そして三つ目は、「CONSOLE」と名付けられたモニタリングツールです。これにより、各機関のAI使用状況がリアルタイムで可視化され、職員がどのAIツールを使っているか、どのような用途で活用されているかを一目で把握できます。

これらのツールは、政府全体の業務効率を飛躍的に高めるだけでなく、意思決定のスピードや正確性をも向上させることが期待されています。


Amazon Bedrock経由のAIモデル導入

プロジェクトのインフラ面にも注目すべき点があります。GitHubに記載されていたAPIドキュメントによれば、AIモデルはAmazon Bedrockを通じて提供される構成となっており、CohereというAIスタートアップもその一翼を担っていました。

ただし、Cohereは連邦政府のクラウド認証制度「FedRAMP」をまだ取得していないことが判明しており、この点については安全保障やデータ保護の観点から、専門家たちの間で議論が分かれています。


AI活用の影に潜むリスクと懸念

この壮大な構想の裏で、多くの懸念の声が上がっているのも事実です。特に顕著なのが、AIが公的機関で市民の個人情報や機密情報を扱うことに対するセキュリティリスクです。

一部の専門家は、「技術的に可能であっても、それが倫理的かつ社会的に正しいとは限らない」と警鐘を鳴らしています。AIによる判断が透明性を欠き、不適切なバイアスや誤認識が行政判断に影響を及ぼす可能性も指摘されています。

さらに、AIに置き換えられる業務が拡大することで、公務員の雇用不安も無視できない社会的問題となって浮かび上がってきます。


沈黙する関係者、閉鎖されたコードベース

我々AIbase編集部は、TTSの関係者やトーマス・シェッド局長に対して複数回の取材依頼を行いました。しかし、取材への回答はなく、その直後にGitHub上の「AI.gov」リポジトリが完全に削除されてしまいました。

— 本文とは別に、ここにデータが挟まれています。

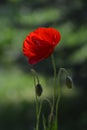 Macro shot of one red poppy with two buds on green nature Royalty Free Stock Photo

この対応は、プロジェクトの正当性や透明性に関して、多くの疑問を残す結果となりました。公開された情報が真実であるほど、その沈黙が深い意味を持つように感じられます


総括:AI政府はユートピアか、それともディストピアか

今回明らかになった「AI.gov」プロジェクトは、まさに**「未来の政府」の縮図**とも言えます。AIを国家運営に本格的に組み込むという大胆な構想は、効率化や生産性向上という観点では極めて理にかなっています。

しかし同時に、情報の非対称性、監視社会の懸念、民主的プロセスの形骸化といった暗部も否応なく浮かび上がります。

トランプ政権がこのまま計画を進めるのか、それともこのリークを機に方向転換を図るのか。AIと行政が交差する未来は、今まさにその第一歩を踏み出したばかりです。